··· Stored data
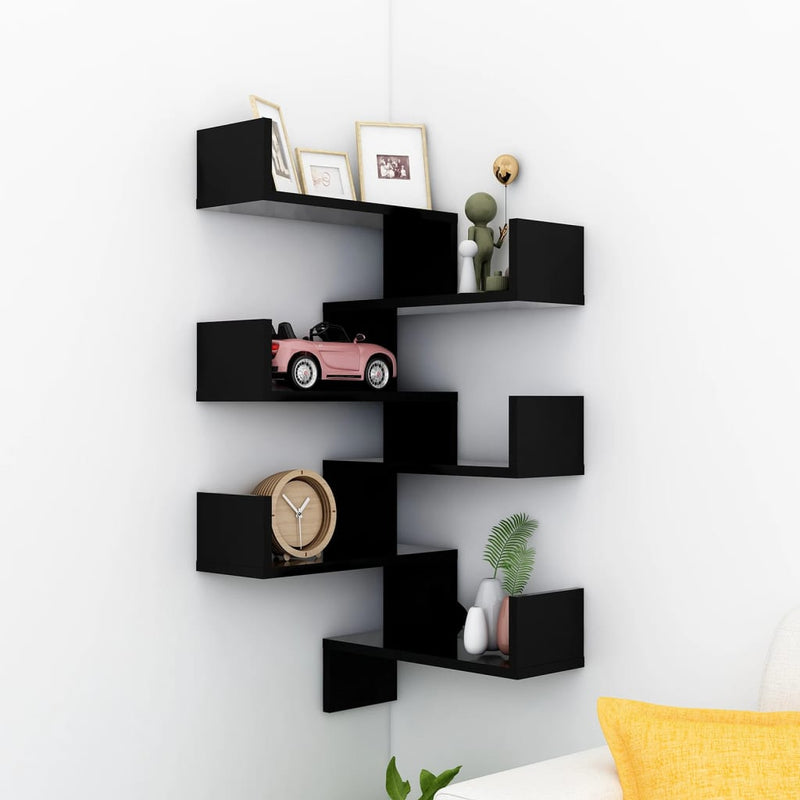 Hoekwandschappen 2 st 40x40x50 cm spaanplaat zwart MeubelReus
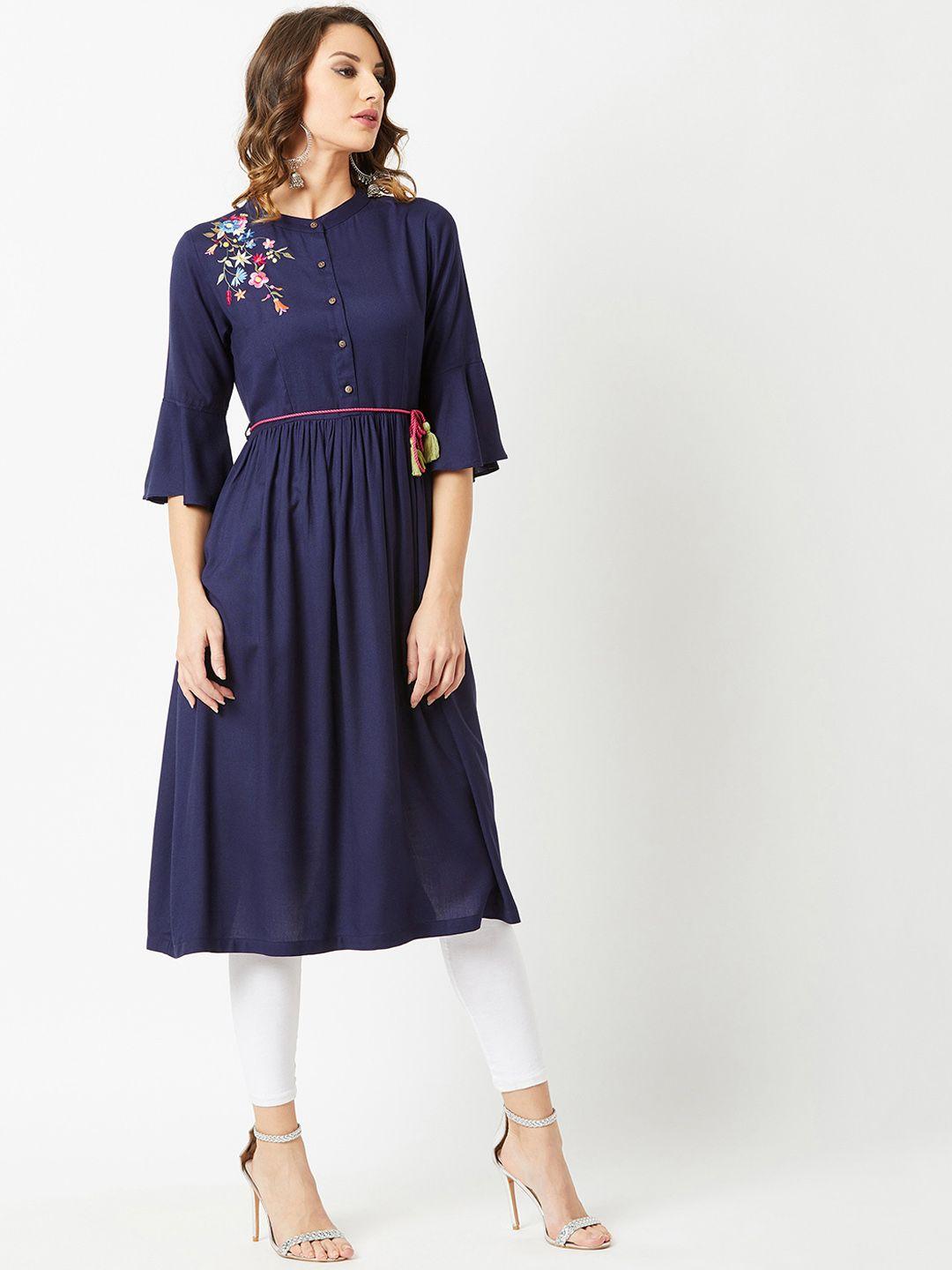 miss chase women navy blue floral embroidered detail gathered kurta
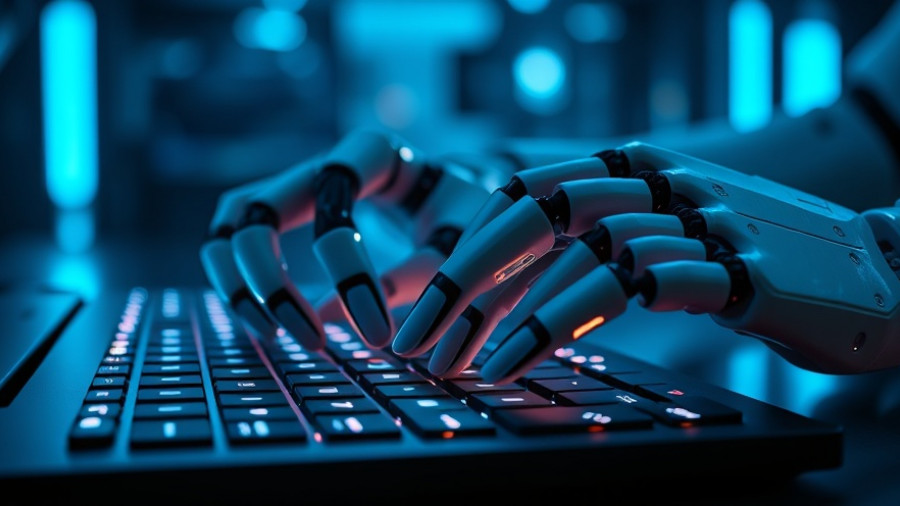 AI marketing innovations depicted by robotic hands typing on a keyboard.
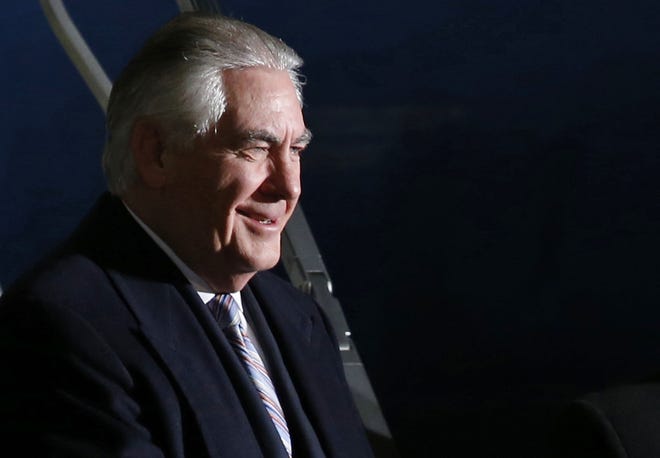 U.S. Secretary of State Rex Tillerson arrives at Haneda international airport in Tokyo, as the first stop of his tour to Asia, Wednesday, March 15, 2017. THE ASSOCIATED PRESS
······
Pictures are not part of the copy. Restate everything else in the listing word for word.

Your response:
 Hoekwandschappen 2 st 40x40x50 cm spaanplaat zwart MeubelReus
 miss chase women navy blue floral embroidered detail gathered kurta
 AI marketing innovations depicted by robotic hands typing on a keyboard.
 U.S. Secretary of State Rex Tillerson arrives at Haneda international airport in Tokyo, as the first stop of his tour to Asia, Wednesday, March 15, 2017. THE ASSOCIATED PRESS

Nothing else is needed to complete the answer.